La deroga al libero mercato, attraverso la gestione diretta del servizio pubblico locale, è
ammessa se lo Stato membro dimostra che l’applicazione delle norme sulla concorrenza
rappresenti un ostacolo alla speciale missione del servizio pubblico; deve, cioè, realizzarsi
un’ipotesi di assoluta incompatibilità tra l’applicazione delle norme sulla concorrenza e l’attività che l’impresa è chiamata a svolgere.
In tal caso, secondo le sentenze della Corte di Giustizia europea succedutesi nel tempo,
è consentito ad un ente pubblico di affidare un servizio pubblico in via diretta (senza gara)
ad una società a capitale interamente pubblico, in presenza delle seguenti condizioni:
—che l’ente pubblico eserciti su tale società un controllo analogo a quello esercitato sui
propri servizi;
—che la società realizzi la parte più importante della propria attività con l’ente che la detiene.
L’affidamento potrà avvenire, infine, a società a capitale misto pubblico e privato, con
individuazione del socio privato mediante gara a doppio oggetto (scelta del socio privato e contestuale affidamento del servizio).
4. Gestione dei servizi pubblici locali di rilevanza economica
A)Premessa
È fondamentale, in primo luogo, rammentare che ai sensi dell’art. 117 Cost., la gestione dei servizi pubblici rientra nella competenza esclusiva delle Regioni.

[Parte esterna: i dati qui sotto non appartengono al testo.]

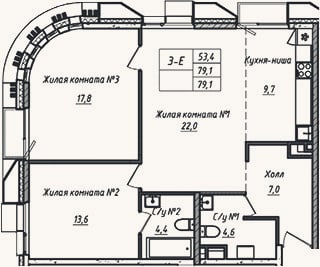 Планировка: 3-к, 79,1 м²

Ciò detto, al fine di giustificare la disciplina dettata in materia di servizi pubblici locali
di rilevanza economica dal legislatore statale (di cui al Titolo V del D.Lgs. 267/2000) si è
affermato, all’art. 113 T.U., che trattasi di disposizioni concernenti la «tutela della concorrenza» — materia rimessa alla competenza esclusiva dello Stato in base allo stesso art.
117 Cost. lett. e) — inderogabili ed integrative rispetto alle discipline di settore.
Il concetto di rilevanza economica
Tutto il sistema dei servizi pubblici locali previsto dal D.Lgs. 267/2000 è incentrato sul criterio distintivo di rilevanza economica, espressione mutuata dalla normativa comunitaria.
È bene ricordare, in proposito, che l’imporsi di questo concetto è soltanto l’ultimo passo di un lungo percorso legislativo. La versione originaria degli artt. 113 e seguenti del T.U., infatti, faceva riferimento al
principio dell’imprenditorialità sostituito, ad opera dell’art. 35 della L. 448/2001, con quello dell’industrialità sulla scorta della considerazione che oramai tutti i servizi pubblici sono svolti in forma imprenditoriale.
Il legislatore non si è mai preoccupato di definire con esattezza il significato da attribuire ai suddetti criteri. Invero, il citato art. 35, al comma 16, demandava ad un successivo decreto di attuazione il compito
di individuare i servizi a rilevanza industriale.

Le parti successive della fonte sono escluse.